Head of Food and Beverage Keith Thornhill said: “The real innovation we are seeing within the confectionary sector is through an integrated approach to machines, the manufacturing process and the wider supply chain.
“We’ve already seen some unbelievable logistics-based technology being deployed at conglomerates, where each of their systems has the potential to disrupt the market. With these kinds of companies, they don’t just buy in new, shiny robots and automation technology and call it a day; their onus is having a clear vision on building an “interconnected” business, of which includes both humans and robots.
“But another massive area is where regulation and legislation impacts on efficiencies. Sugar, soft drinks, baked goods and confectionary are characterised by tight regulations, yet legislation and innovation typically don’t go hand-in-hand. As it stands, the health and safety inspector decides what’s legal for your company and you have to abide by it.
“Confectioners are now having to look at how technology can help address these new demands while ensuring they can protect the slim margins they have to maintain.”
One example Keith gives, where a technological intervention massively boosted efficiency and cut costs, was a project for Kinnerton, a major UK Easter egg manufacturer.
Keith explains: “The existing Kinnerton’s production line was a combination of various vendor technologies and a number of machines, some of which were ageing and increasingly difficult to maintain.
“Such a complex operation invariably led to performance issues as parts of the production line were unreliable. This was creating challenges in maintaining product consistency, the efficiency of the line itself, and the need to support the overall automation platform going forward. Retrofitting to reverse the impact of such challenges lay at the centre of our approach.”
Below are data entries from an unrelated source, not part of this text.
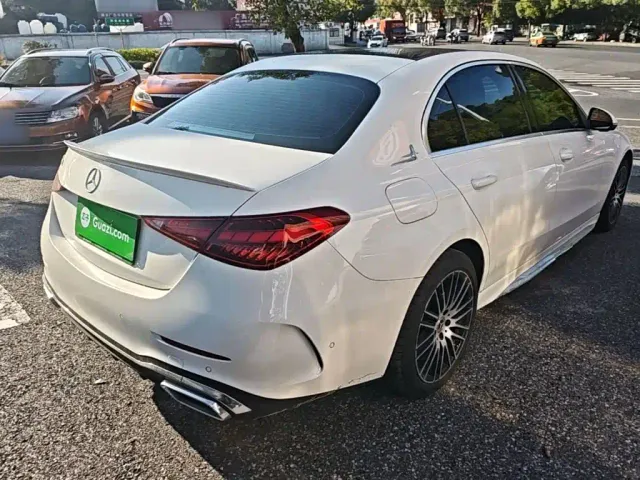 Mercedes-Benz C-Class — Фото автомобиля 6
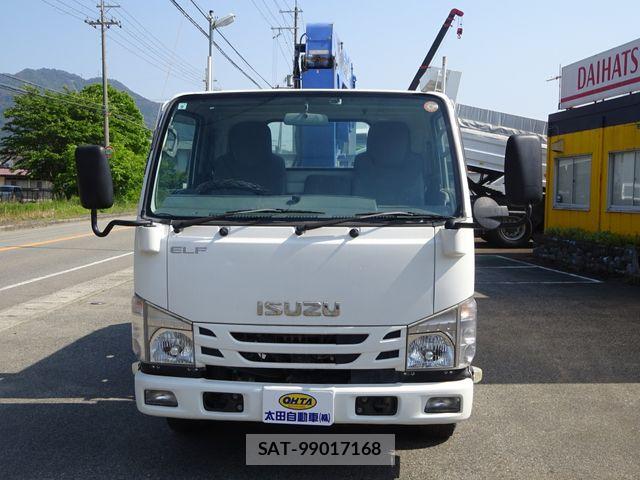 Isuzu ELF TRUCK 2015-07 6904653-4
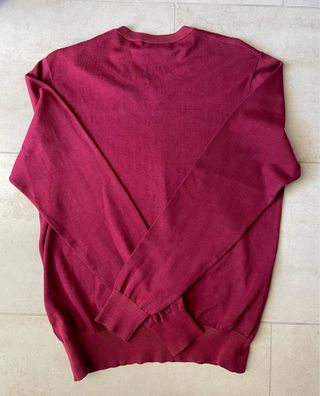 Maglione Aspesi Rosso Taglia M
From initial chocolate mould filling to product cooling and packaging, Siemens simplified the production line process via a Totally Integrated Automation (TIA) platform.
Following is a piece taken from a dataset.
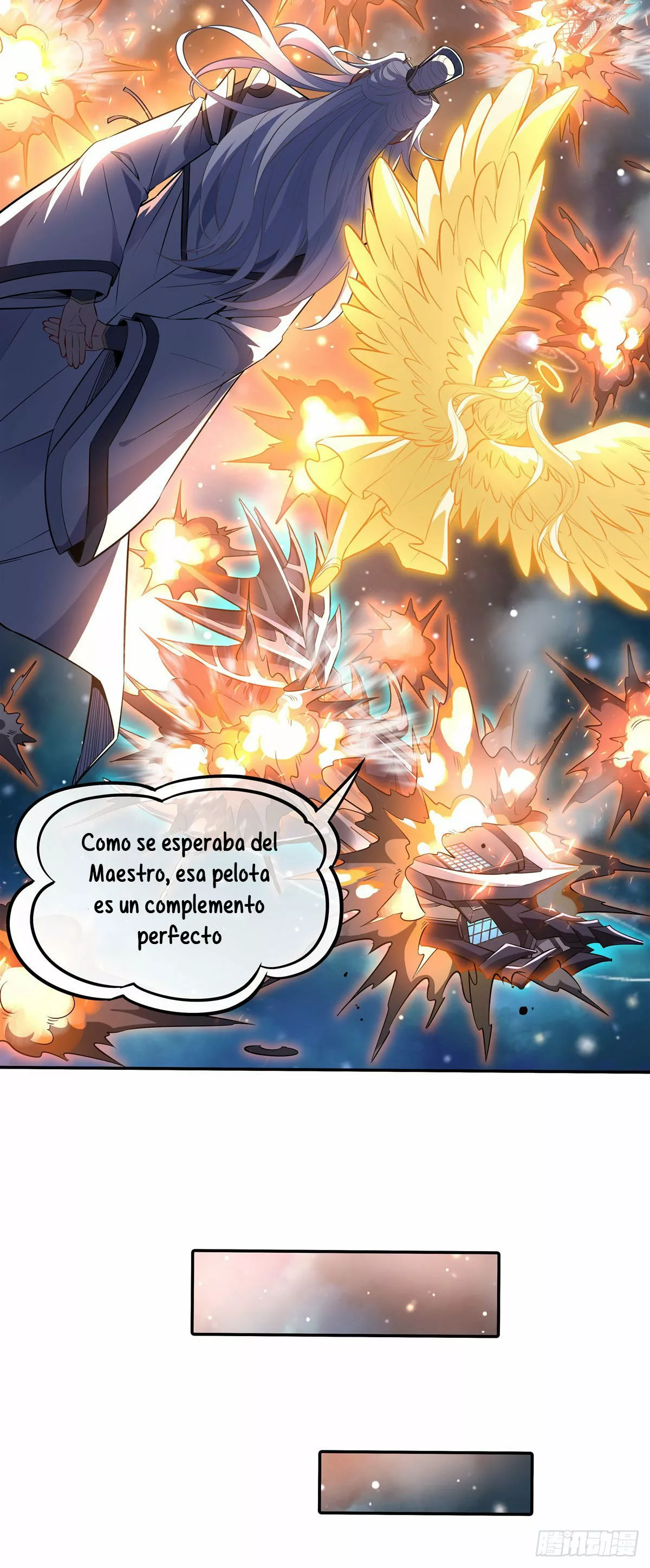 Read Entrené a las Soberanas del Cosmos ES Manga Online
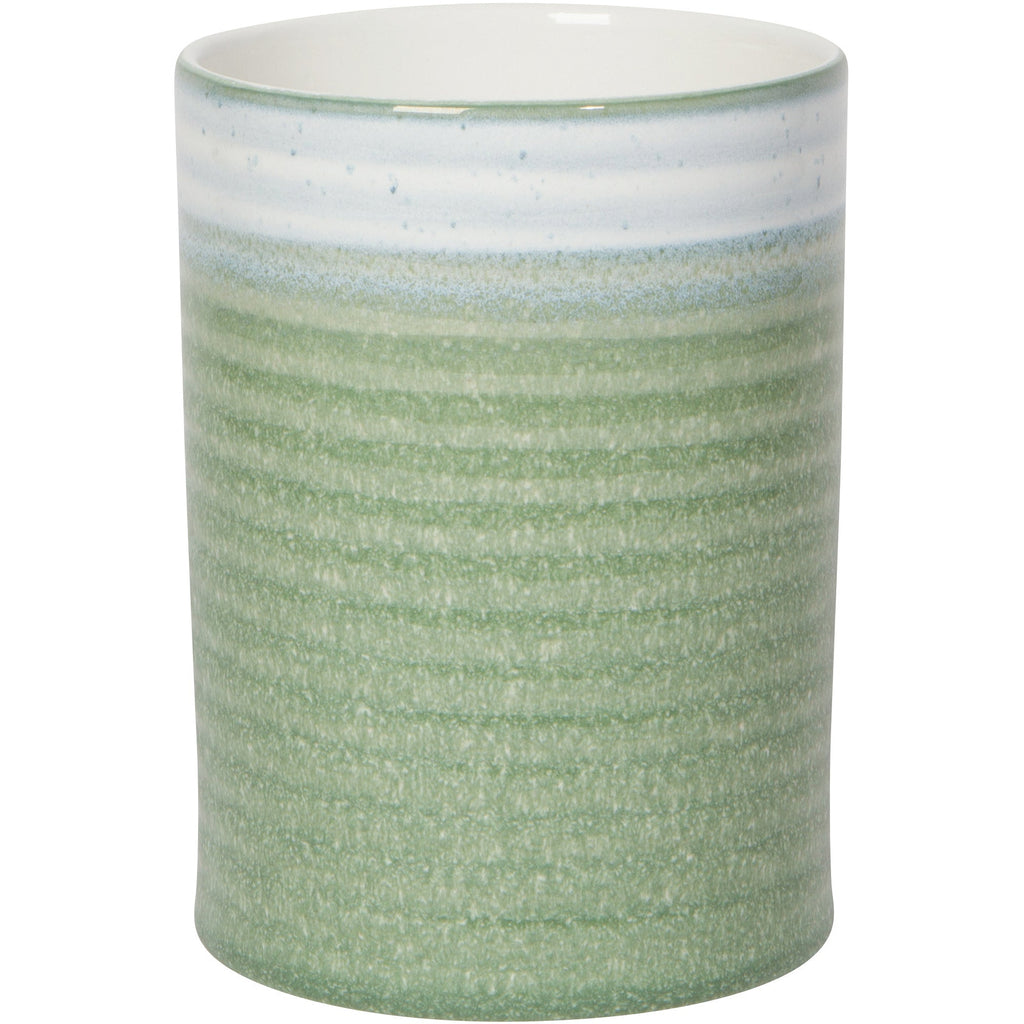 Danica Heirloom Utensil Crock Mineral Sage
Through a series of linked monitors Siemens’ TIA solution saw them integrate different elements of Kinnerton’s production line, including both fixed speed and variable speed machinery, into a single motion control system.
From simple conveyor belts to sophisticated ‘pick and place’ packing robots, streams of different data all linked to different manufacturing processes were fed into a central point, giving Kinnerton a real-time picture of the whole production process for the first time.
The project, targeting Kinnerton’s Fakenham factory in Norfolk, succeeded in boosting productivity on one line by 15%, and the ROI on the technology was quickly realised
Other benefits reported by Kinnerton included improved software leading to better line maintenance, while the general increase in productivity and output led to improved sales.
Keith, who will be talking about new food and beverage technologies and the Kinnerton project at the Digital Talks conference in Liverpool on June 11th , alongside Unilever and Princes Foods, concluded:
“Where previously Kinnerton had a number of machines combined to make up the production line, with the integration into a single motion control system across the line’s entire length, essentially one machine began performing the overall production control.”